El islam es, ante todo, un sistema jurídico, del que forma parte la religión y la política, como conjunto de obligaciones impuestas a los in­dividuos, sometidos a la colectividad por el poder que dice actuar en nombre de Dios y por mandato divino. El mecanismo básico del sistema islámico estriba en la entronización de la Ley islámica en el aparato del Estado y en la sociedad. Al mismo tiempo, comporta aspiraciones a univer­salizarse, a expandirse imperialmente conforme a la utopía de un califato mundial.


Entre los rasgos definitorios de este sistema político islámico, que ha configurado durante siglos la mentalidad y la sociedad musulmana, cabe destacar:


– La identificación completa o indistinción entre religión y política: las leyes que rigen la sociedad poseen un carácter religioso, pues articulan la Ley de Dios, que se supone revelada, por lo que constituyen un orden heterónomo, de normas absolutamente imperativas e intocables.


– La atribución de carácter sagrado a todos los preceptos de la Ley se apoya en que remiten su fuente al Corán y la tradición del profeta, aunque históricamente fueran fijados por las escuelas de jurisprudencia bajo supervisión califal.


– El rechazo de todo orden jurídico que no sea a la vez orden re­ligioso, y viceversa, de modo que no se puede reconocer más poder que el de Dios, administrado de hecho por quienes dicen ser sus repre­sen­tantes: en esto consiste la teocracia.


– La sumisión irrestricta que el ethos islámico exige a los musulmanes con respecto al sistema teocrático se objetiva en el derecho islámico y en una oligarquía religioso-política.


– La polivalencia de la Ley islámica, que regula sin excepción todos los aspectos de la vida social y personal, hace depender de ella la eco­no­mía, la política, la familia, los saberes, el comportamiento, el senti­miento y el pensamiento.


Dado que no entra fácilmente en los esquemas occidentales, es ne­cesario insistir en la inseparabilidad de religión y política: para la visión mahometana se trata de conceptos equivalentes e intercambiables, como dos aspectos de la misma realidad. De ahí que el islamismo sea, a la vez, ideología política y creencia religiosa. Y esta religión política, como des­potismo revelado, totaliza la existencia entera de sus segui­dores. La fu­sión del poder re­li­gioso y político adopta la figura histórica del califato. Formalmente, el califato fue abolido por Kemal Atatürk, en 1924, pero su restauración continúa siendo la gran añoranza del islamismo.

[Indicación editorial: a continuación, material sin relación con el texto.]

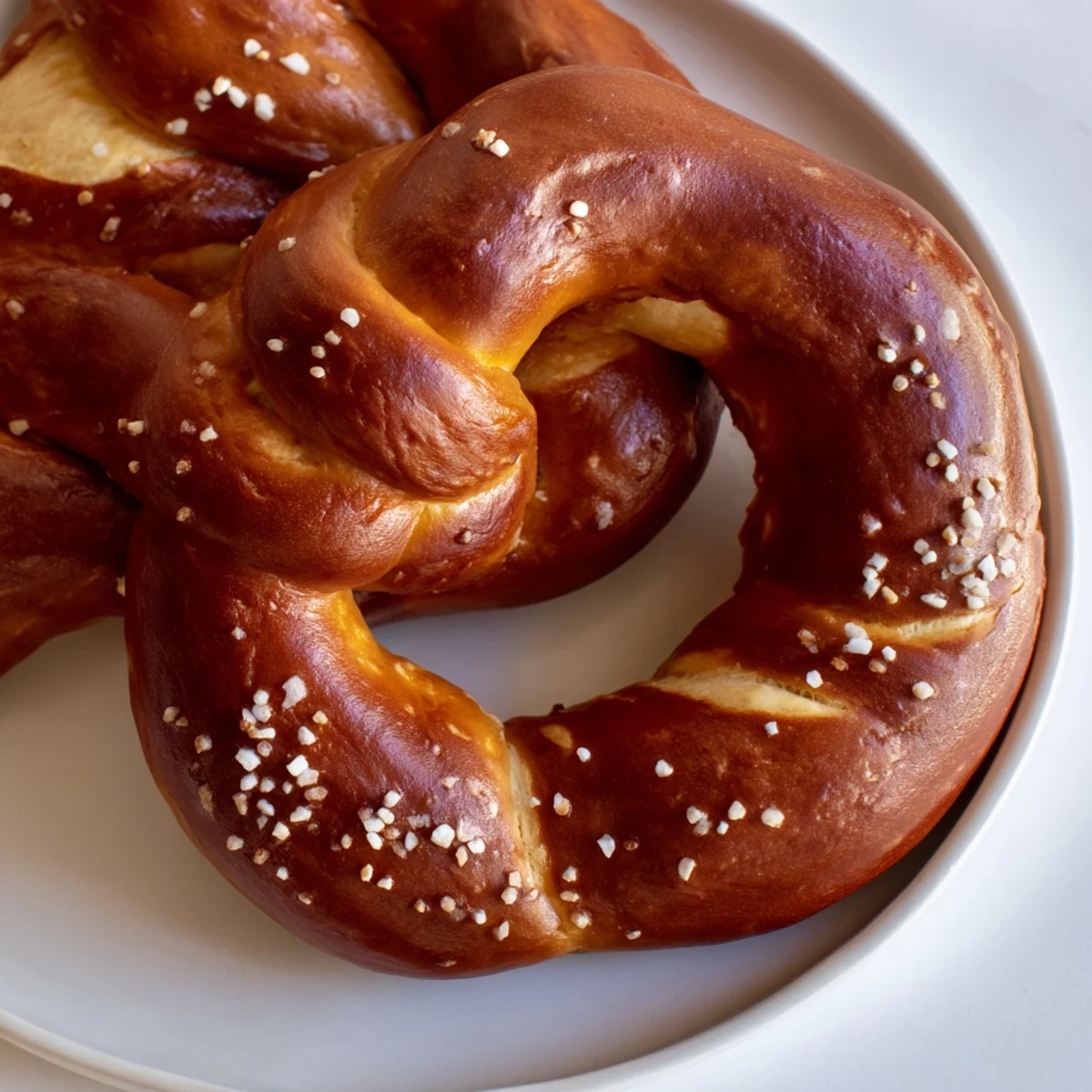 Coarse salt sparkles on these baked Bretzels Anneau de Fête, perfect for dipping in mustard for an appetizer.
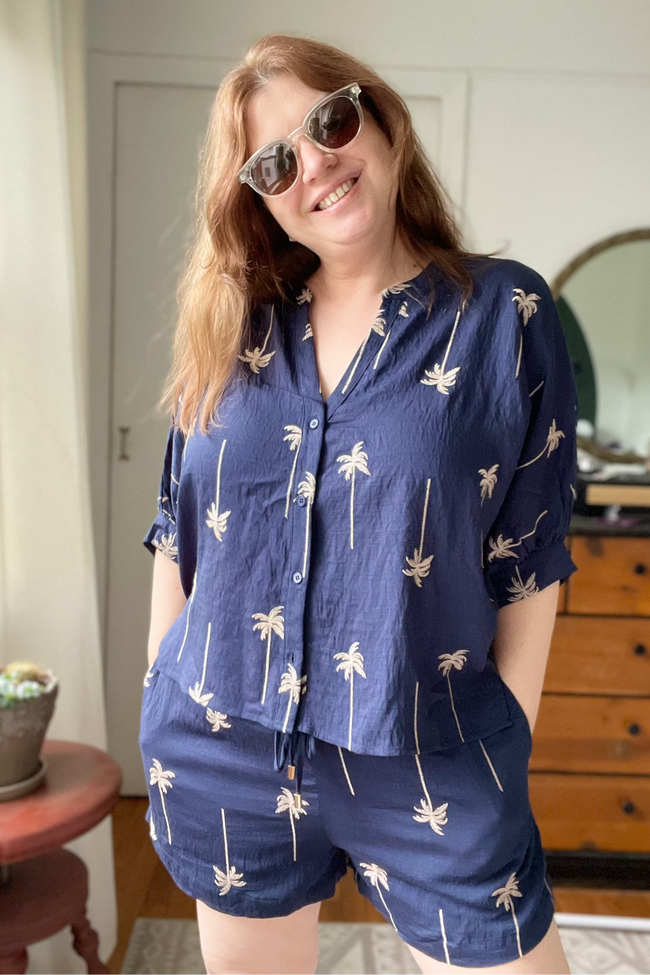 Embroidered Palm Tree Shirt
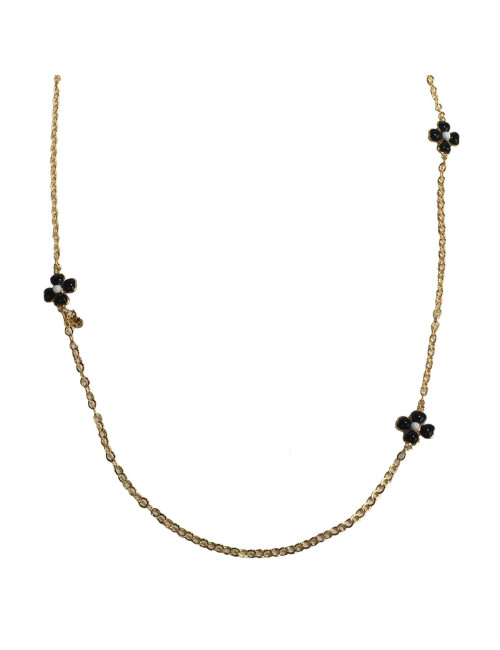 Sautoir MARGUERTE DE VALOIS Fleurettes noires et blanches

La necedad, o la astucia, hace que algunos se empeñen en negar la existencia de una autoridad propiamente religiosa en el sistema islámico, por el simple hecho de que sus jerarquías no coincidan con el modelo de otras organizaciones religiosas. La autoridad religiosa y su férreo poder sobre la sociedad musulmana resulta indiscutible en todo el mundo is­lámico. En efecto, aparte de la suprema figura del califa, se hallan es­tatuidas las funciones específicas de los imanes, los ulemas o alfaquíes, y los muftíes. La mezquita-universidad de Al-Azhar y su gran imán os­tentan el máximo rango en el mundo suní. En el chiismo, hay una je­rarquía de clérigos ayatolás, además de mulás y de imanes. Existen cen­tros, instituciones y personajes investidos de autoridad para pronun­ciarse doctrinalmente, o para emitir fetuas. En nuestros días, vemos jefes supremos de la revolución islamista. Y a nivel mundial, operan grandes instituciones como la Organización para la Cooperación Islámica, la Conferencia Islámica, la Liga Islámica Mundial, el Congreso Islámico Mundial, entre las organizaciones islámicas internacionales que pugnan por organizar, dirigir y controlar el funcionamiento global del sistema. Lo que ciertamente no cabe en el islam, ni hubo nunca, es una institución religiosa independiente del Estado, ni un Estado indepen­diente de la religión.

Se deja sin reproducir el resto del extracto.